CX deixa de ser custo e passa a ser estratégia de crescimento para empresas brasileiras
Com consumidores dispostos a gastar mais por experiências fluidas, ecossistema Coaktion direciona empresas a abraçarem CX como motor de lifetime value
Historicamente confinado às planilhas de “centro de custo”, o atendimento ao cliente (SAC) está passando por uma metamorfose definitiva no mercado brasileiro. Novos dados indicam que a experiência do cliente (CX) não é mais apenas uma ferramenta de retenção, mas um motor primário de faturamento.
De acordo com o relatório Zendesk CX Trends 2026, cerca de 85% dos líderes empresariais acreditam que os clientes abandonarão marcas que não resolvem problemas no primeiro contato e gastam mais com empresas que oferecem uma experiência fluida e personalizada. No entanto, o desafio das companhias reside na integração de dados e na humanização da tecnologia. Embora os números variem por setor, estimativas baseadas em relatórios recentes (como Zendesk CX Trends e PwC) indicam que o Brasil perde anualmente bilhões de reais, segundo aponta a Accenture Strategy (“Digital Disconnect in Customer Engagement”) devido à migração de clientes para a concorrência após experiências ruins de atendimento.
À frente dessa transformação, a Coaktion, ecossistema integrado de customer experience, defende que a rentabilidade do CX está diretamente ligada à capacidade de transformar interações passivas em oportunidades de negócio. Bruno Stuchi, CEO da companhia, destaca que a miopia do mercado em enxergar o CX apenas como despesa operacional é o que separa empresas resilientes das obsoletas. “O erro clássico é tratar o atendimento como um firewall contra problemas. No ecossistema Coaktion, mostramos que o CX é o maior laboratório de vendas que uma empresa possui.
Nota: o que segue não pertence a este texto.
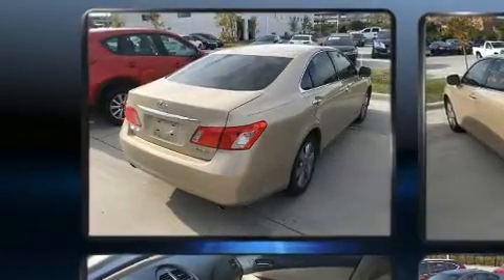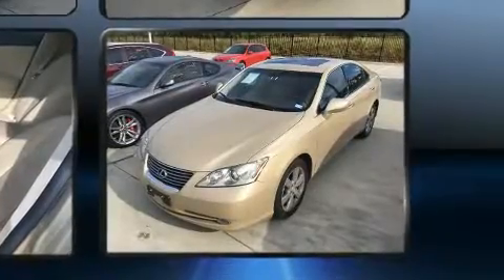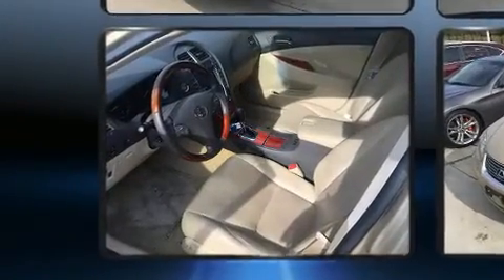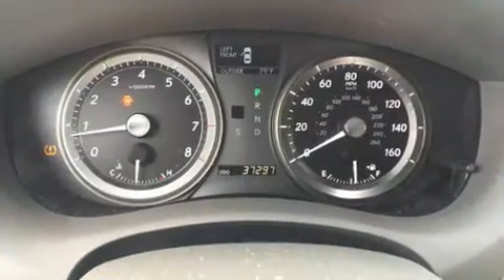For drivers who enjoy the natural environment, a power moonroof allows an infusion of fresh air. Lexus also prioritized safety and security with features such as dual front impact airbags with occupant sensing airbag, and front and rear side impact airbags, traction control.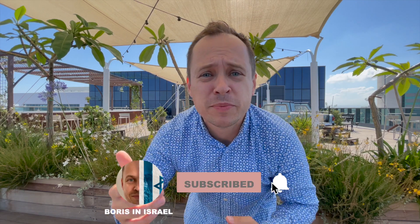Hi, I'm Boris. I'm in Israel. If you want to know more about life here, please make sure you subscribe to my channel so you don't miss a thing.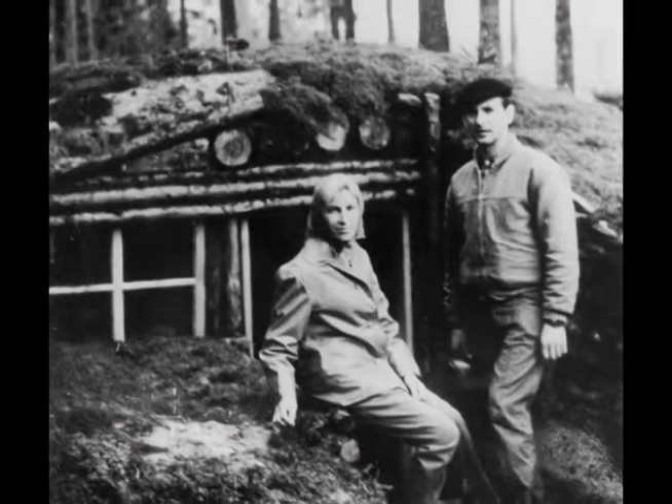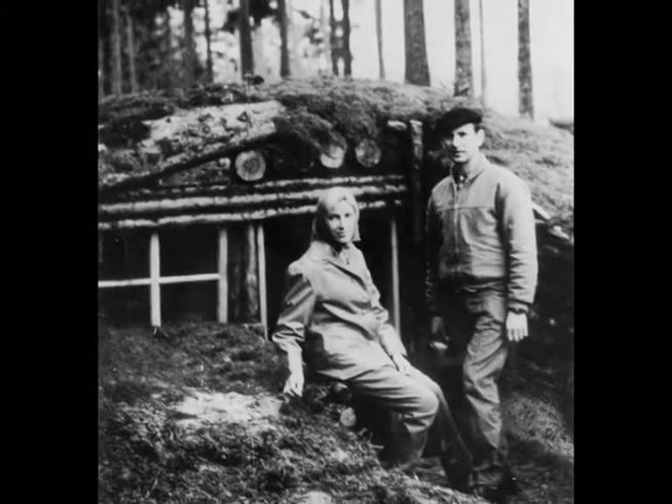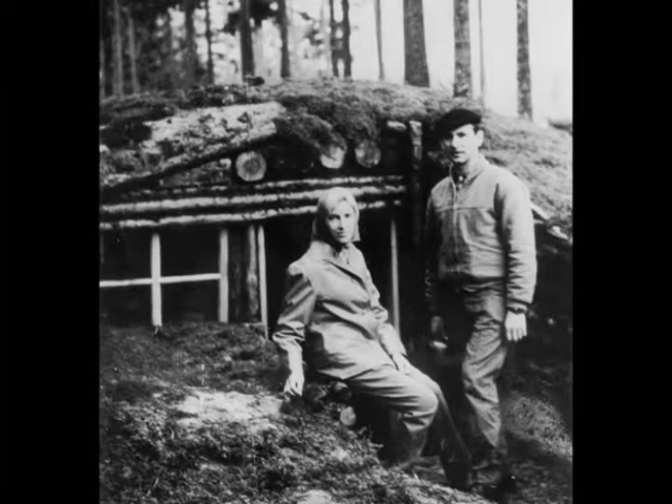Many partisans built underground bunkers called Zimlankas — half buried in the ground and half above the ground. There were fires going 24 hours a day inside to keep us warm, because we had no clothing, no blankets or anything.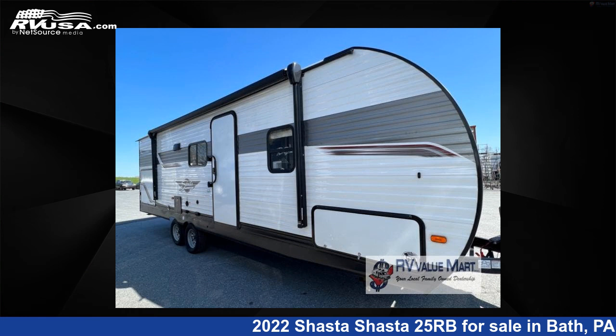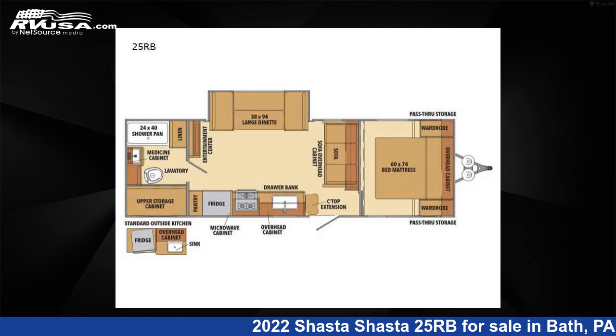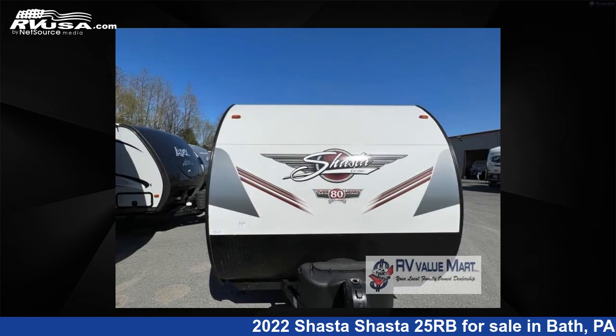This 2022 Shasta 25RB is a travel trailer RV. It is located in Bath, Pennsylvania, 18014 and is offered for sale by RV Value Mart.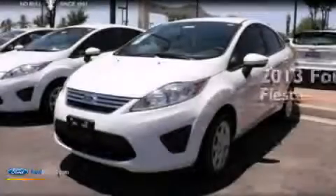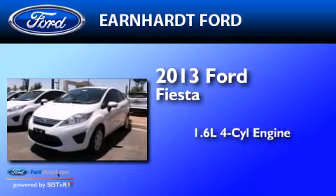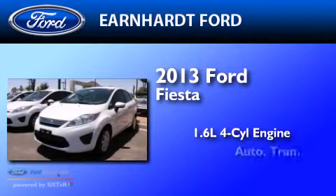This is a brand new 2013 Ford Fiesta. It has a 1.6 liter 4-cylinder engine and an automatic transmission.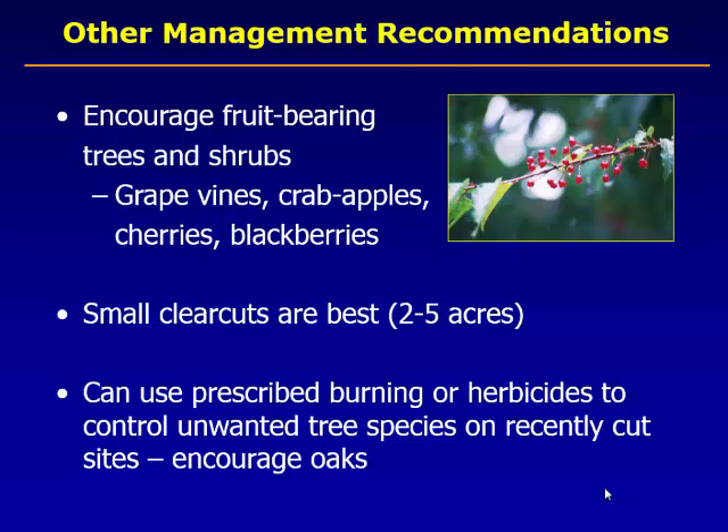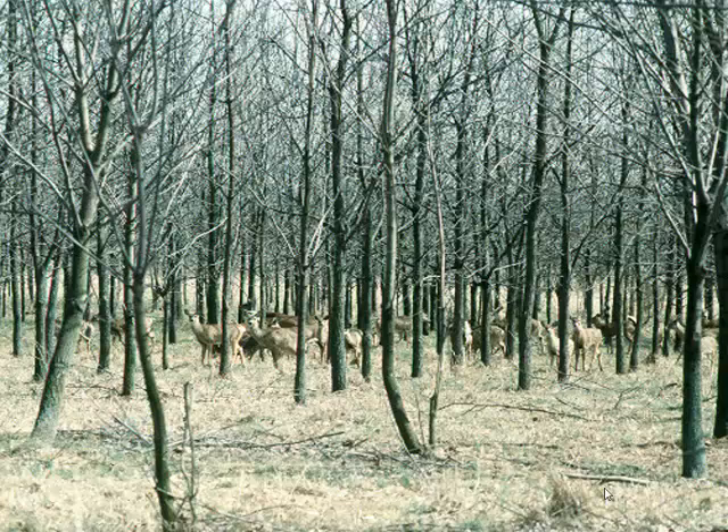And Brian showed the same photo because it's so dramatic and really the truth: if you can't manage the white-tailed deer, you're going to have an uphill battle managing for other species that love forest understory, because deer at high population numbers will have a very negative effect on grouse habitat.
Quando você utiliza inteligência de dados para antecipar uma dor ou personalizar uma oferta no momento do suporte, você não está apenas resolvendo um ticket, está gerando LTV (lifetime value)”, afirma Stuchi.
Um estudo da Watermark Consulting (The Customer Experience ROI Study) revela que empresas líderes em CX costumam ter um valuation de 2 a 3 vezes maior do que os retardatários do setor. Eles analisam o desempenho das ações (S&P 500) de empresas que são líderes em CX (pontuadas no topo do ranking da Forrester Research) versus as empresas “retardatárias” (os últimos lugares). Isso ocorre porque o mercado financeiro precifica a previsibilidade de receita (vinda da retenção) e a eficiência operacional, ou seja, clientes que não precisam ligar 5 vezes para resolver o mesmo problema.
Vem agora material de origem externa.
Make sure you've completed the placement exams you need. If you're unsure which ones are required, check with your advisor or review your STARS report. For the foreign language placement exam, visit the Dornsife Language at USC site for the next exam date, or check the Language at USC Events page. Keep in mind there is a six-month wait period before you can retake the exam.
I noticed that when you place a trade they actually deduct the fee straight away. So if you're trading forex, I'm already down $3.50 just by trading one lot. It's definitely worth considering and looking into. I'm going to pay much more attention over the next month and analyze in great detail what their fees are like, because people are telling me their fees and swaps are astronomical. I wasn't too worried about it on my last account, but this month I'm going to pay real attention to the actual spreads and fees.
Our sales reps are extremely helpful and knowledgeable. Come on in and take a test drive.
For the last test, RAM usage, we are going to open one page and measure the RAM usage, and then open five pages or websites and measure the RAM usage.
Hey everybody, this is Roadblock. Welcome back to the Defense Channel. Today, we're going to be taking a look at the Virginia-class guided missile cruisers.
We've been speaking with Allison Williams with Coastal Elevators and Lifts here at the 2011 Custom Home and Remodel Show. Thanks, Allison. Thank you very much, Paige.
Para converter o suporte em lucro, a Coaktion aponta três pilares fundamentais:
- Dados como ativo financeiro: A integração de canais (omnichannel) permite identificar o comportamento do consumidor. Uma jornada bem mapeada pode elevar as taxas de conversão entre 15 e 25% através de estratégias de cross-sell e upsell no atendimento.
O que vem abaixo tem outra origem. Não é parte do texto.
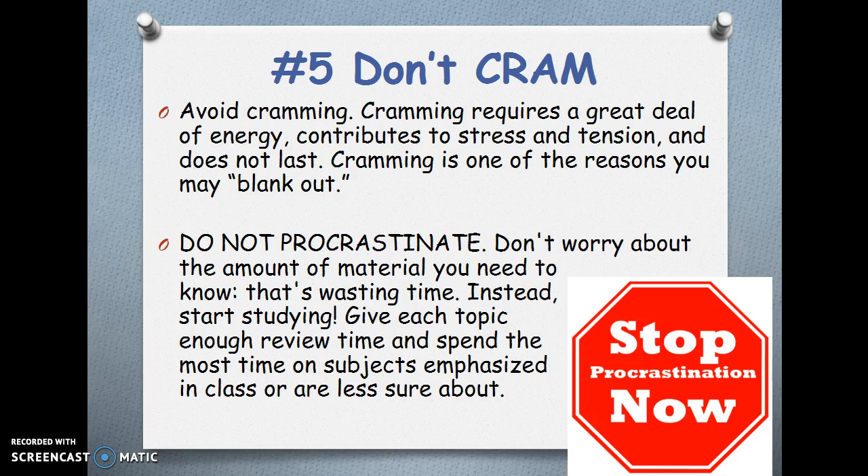Number 5 — Don't cram. Avoid cramming. Cramming requires a great deal of energy, contributes to stress and tension, and does not last. Cramming is one of the reasons you may blank out. Do not procrastinate. Don't worry about the amount of material you need to know — that's wasting time. Instead, start studying. Give each topic enough review time and spend the most time on subjects emphasized in class or those that you are less sure about.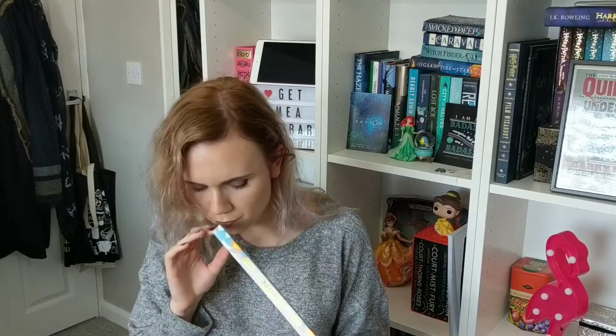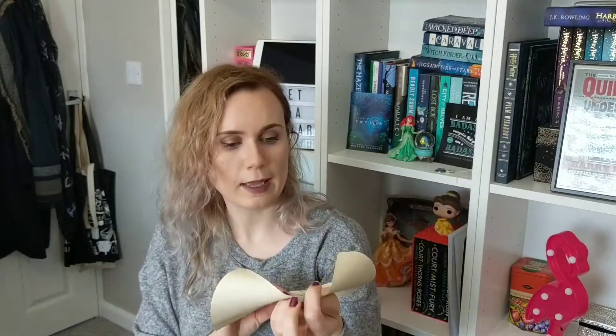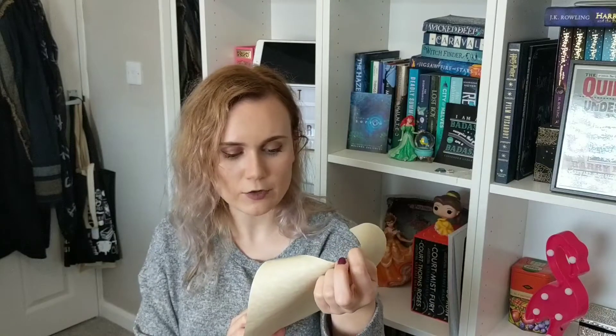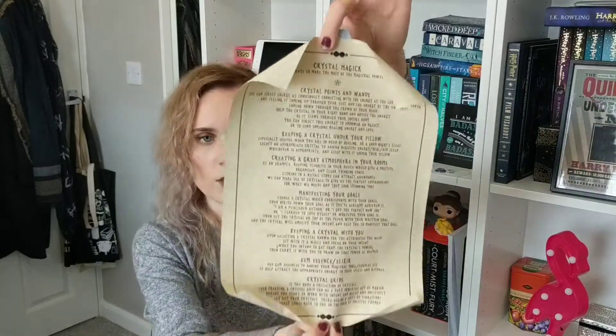We then have some incense sticks — this is Sun. It smells really nice! The Tuscan Sun fragrance is filled with energy and vitality, and I think I need some energy! I like incense sticks. And finally we have one of their scrolls about crystal magic. It covers: crystal points and wands, keeping crystals under your pillow, creating a great atmosphere in your rooms, manifesting your goals, keeping a crystal with you, gem essence elixir, and crystal grids. I love that they include a scroll every month about what you've got.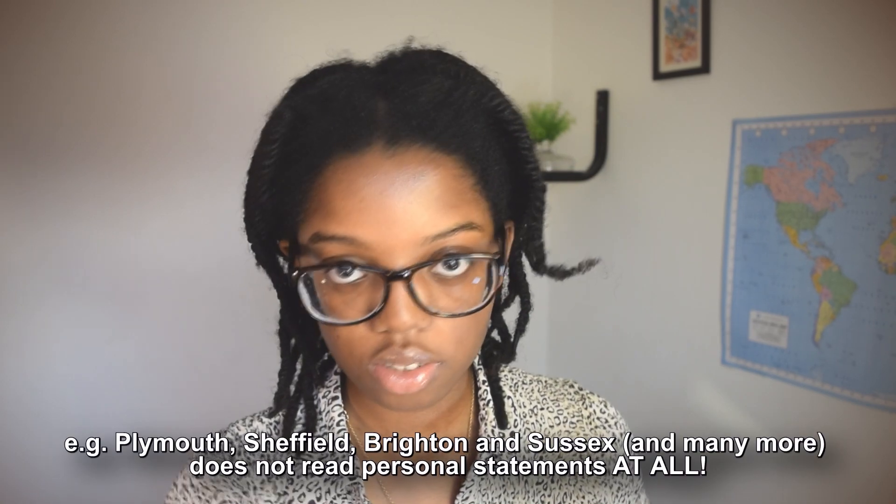That's been some universities most suited to different UCAT scores. When applying, think about where you want to be for five or six years and the vibe, but also think about where you're likely to get in with your scores, where they'll read your personal statement, and what types of interviews they have. Research really carefully — don't just apply somewhere because you've heard of it.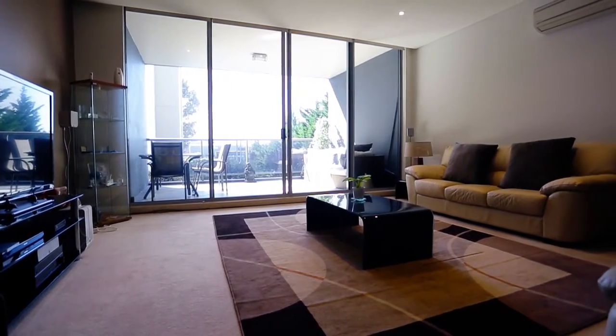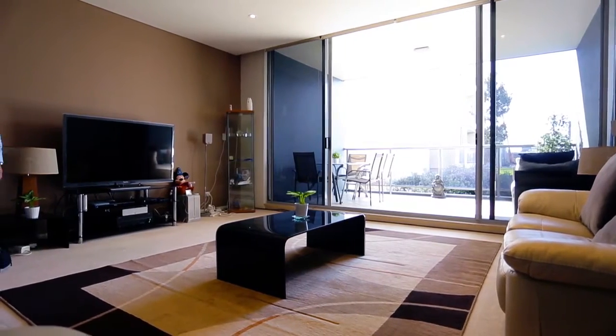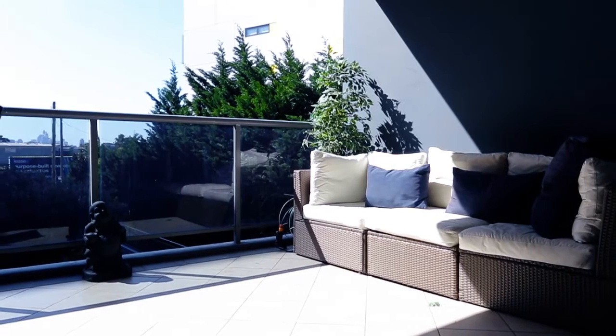What you'll firstly notice about entering the apartment is the beautiful naturally lit living area, with a gorgeous oversized balcony with district views.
- Tecnologia com intencionalidade: O uso de IA não deve visar apenas a redução de custos (headcount), mas sim a liberação de talentos humanos para consultorias de alta performance.
- Cultura de atendimento proativo: O “lucro” no CX vem da redução do churn. Segundo a Harvard Business Review, aumentar as taxas de retenção de clientes em 5% aumenta os lucros em 25% a 95%.
Ao implementar essa nova mentalidade, o mercado tem observado que a eficiência operacional e o crescimento de receita caminham lado a lado. A transformação do CX em um gerador de lucro exige a quebra de silos e o investimento em inteligência de dados — passos fundamentais para quem busca não apenas satisfazer o consumidor, mas fidelizá-lo de forma lucrativa. Nesse sentido, a Coaktion, como ecossistema full service de CX, atua estrategicamente para transformar a experiência do cliente em área que agrega resultados financeiros.